1. ## Minimum value problem

If y=2x-8, what is the minimum value of the product xy?

i only know how to get the max, i know you need to find the dirivative but i dont know how to make it the minimum.

2. Originally Posted by gebbal
If y=2x-8, what is the minimum value of the product xy?

i only know how to get the max, i know you need to find the dirivative but i dont know how to make it the minimum.
So you have

$\displaystyle A = x (2x - 8)$

A will have a max. (i.e. the derivative = 0). For a minimum, you need to check the endpoints. I used A as it might be an area and so $\displaystyle [0,4]$ and check $\displaystyle x = 0,\;\;\;x=4$.

3. im still confused. is the answer 0? since thats one of the end points.

4. Originally Posted by gebbal
im still confused. is the answer 0? since thats one of the end points.
Let us ask, where did this problem arise?

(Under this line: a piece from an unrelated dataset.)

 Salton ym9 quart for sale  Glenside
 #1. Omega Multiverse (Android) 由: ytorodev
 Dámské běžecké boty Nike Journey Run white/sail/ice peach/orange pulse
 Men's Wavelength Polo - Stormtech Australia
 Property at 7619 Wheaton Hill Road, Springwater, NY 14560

5. The problem is to minimize $\displaystyle A= 2(x^2- 4x)$. You don't need to differentiate at all. Completing the square, [tex]A= 2(x^2- 4x+ 4- 4)= 2(x^2- 4x+ 4)- 8= 2(x-2)^2- 8[/itex]. That is a parabola opening upwards so its minimum value is at the vertex, (2, -8).

If you must differentiate, A'= 4x- 8= 0 so x= 2. gebbal, you seem to be under the impression that the derivative is 0 only at a maximum. A derivative is 0 at a maximum, minimum or "saddle" point (the derivative of $\displaystyle x^3$, $\displaystyle 3x^2$ is 0 at x= 0 which is neither a maximum nor a minimum). After finding where the derivative is 0 (a "critical point"), you still need to determine whether a maximum or minimum or saddle point. You can do that by checking the first derivative around the point. Here, A'= 4(x-2). If x< 2, that is negative and if x> 2, that is positive. That is, A is decreasing for x< 2 and then increases: x= 2 gives a minimum.

Or you can check the second derivative: A"= 4> 0. Since A" is positive, A' is increasing: it goes from negative to positive so, as before, x= 2 gives a minimum. Oh, and that minimum value is, as we saw by completing the square, A(2)= 2(2(2)- 8)= 2(-4)= -8.